Only two years ago, New Englanders were thumbing their noses at Maryland clams, and Bill Baxter joked that he was considering a career change, although he had been clamming on the Chesapeake for nearly 30 years.
Baxter was part owner of two of the 11 Maryland seafood distributors embargoed in 1987 and 1988, when health officials in Maine, Massachusetts and New Hampshire found high levels of bacteria in some batches of Maryland's soft-shell clams. In 1988 Massachusetts threatened to ban all Maryland clams unless the problem was corrected.
Today, however, Baxter and other watermen on the Eastern Shore say they can't catch enough to meet demand, and they're earning $20 more a bushel than last year.
The difference, many say, is a two-pronged state regulation requiring clammers to cool their catch on the clam boats and then to pass their haul through state-run check stations, which monitor the temperature of the shellfish.
Since the regulation went into effect last year, no clam companies in Maryland have been embargoed because of high bacterial counts.
"The icing program is the only thing that's keeping us in business," said Baxter, part owner of the Chesapeake Clam Co. in Stevensville.
Maryland is the only clam-producing state that mandated immediate cooling of shellfish. Such regulations are needed during summer months because the Chesapeake Bay is the southernmost region where soft-shell clams are harvested commercially, said biologist Keith Lockwood, who oversees the monitoring program for the Maryland Department of Natural Resources.
"In the old days, the clams would sit in the hot sun for hours out on the clam boat, then maybe on the back of a pickup truck. That's an ideal breeding ground for bacteria," said Lockwood. "By the time some guy got his clams three days later in Massachusetts, half of them might be dead."
The 13 check stations along the shore are operated primarily by college students during the summer. This fall retired and handicapped people are taking over as the students return to school, said Eric May, coordinator of fish health and disease programs for the department. The monitoring program runs from Memorial Day to the end of October.
If cooled to the proper temperature, bushels of clams are labeled with a green tag, which accompanies the shellfish to market.
"The green tag tells the owners of restaurants and wholesalers from Maryland to Canada that these clams have been put on ice immediately after capture," said Lockwood. "Without that green tag, the clams are not marketable."
Maryland is the nation's top producer of soft-shell clams, and in 1988, the most recent year for which figures are available, the state sold 4.2 million pounds bringing in $8.8 million.
Maryland ships about 90 percent of its catch to the Northeast; more than half of the clams eaten in Maine come from Maryland, and officials there say the new regulations have made a difference.
"The product that we've tested for the most part has come in exceeding standards," said Hal Winters, director of marine development for the Maine Department of Marine Resources. "It definitely is an improvement."
About 60 percent of the clams landed in Maryland pass through six monitoring stations around Kent Island, 10 miles east of Annapolis.
This summer Kristy Hassell, a senior psychology major at Salisbury State University, and Micah Clough, a sophomore at Sts. Peter and Paul High School in Easton, mannned the station at W.H. Harris Seafood Co. in Grasonville, one of the busiest around Kent Island.
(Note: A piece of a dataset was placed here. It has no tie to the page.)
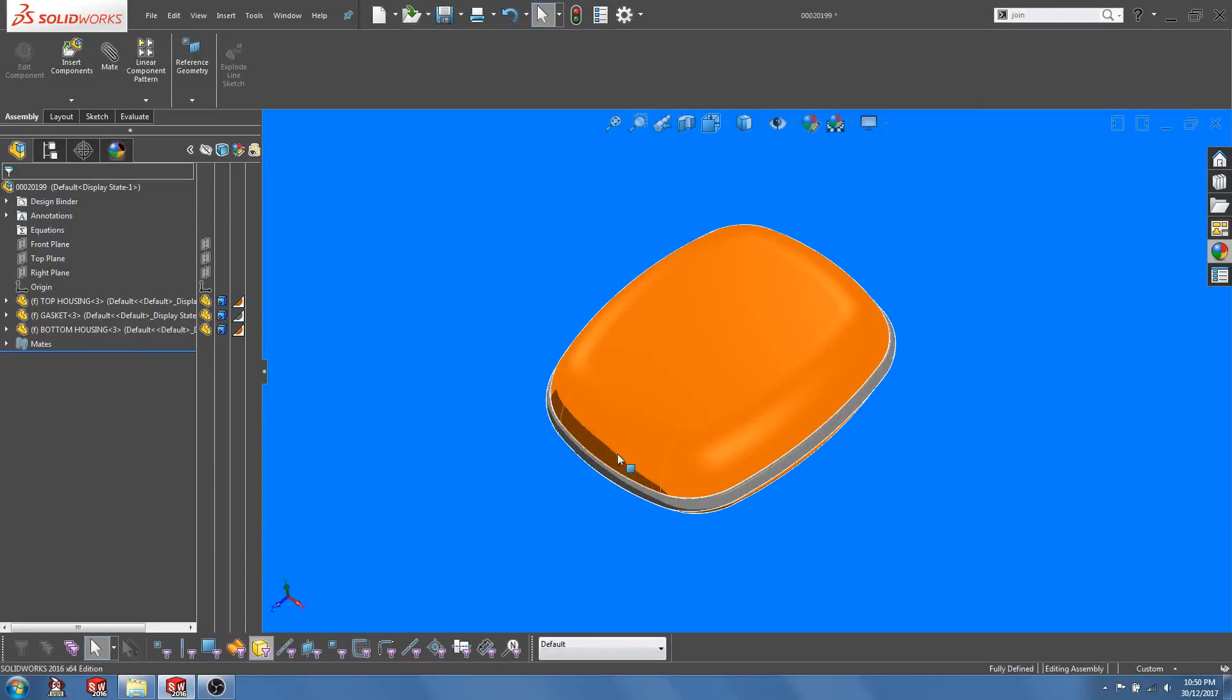Hey guys, here is SOLIDBYTE with another SOLIDWORKS tutorial video. Today I'm going to talk about an assembly feature called JOIN.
About 20 boats pass through each day.
This was Hassel's second summer as a clam checker. "I'm an outdoors kind of person, and this is a great summer job for me," she said.
Most of the program's 18 clam checkers work from 9 a.m. to 3 p.m. Monday through Saturday. They are paid about $5 an hour.
When the boats pull into the station, clammers unload their ice- and clam-laden bushels, and the checkers measure the clams' temperatures and issue green tags to all properly cooled bushels.
Stations are busiest from 1 to 3 p.m. By state law, clammers must stop harvesting by 1 p.m. They then have two hours to get to a monitoring station.
Not everyone is thrilled with the extra bother and expense of keeping their clam boats stocked with ice.
Baxter said he'll spend $3,000 for ice alone this year, and he has invested an additional $800 in a fiberglass freezer for his boat. "It really hurts in your pocket," he said.
David and Pat Lee, a husband and wife team who have been clamming together for eight years, estimate they spend $15 a day for ice.
And some dealers, like Bill Harris of Harris Seafood on Kent Island, say they never had a problem with bacteria before the program.
But all agree that immediate icing of clams seems to be effective, and most echo the sentiments of David Lee. "It's a lot more hassle," he said, "but as long as it keeps us working, it's worth it."
The Maryland Department of Natural Resources is aware of the watermen's complaints.
"We're looking for alternatives to the expense of ice that are easier to employ and equally as effective," said May. "We have companion studies underway to examine the effectiveness of salt to reduce levels of bacteria, and we're looking at how salt and ice collectively might reduce bacteria levels."
"We have a program here that works," said May. "Now the question is whether we can make it better."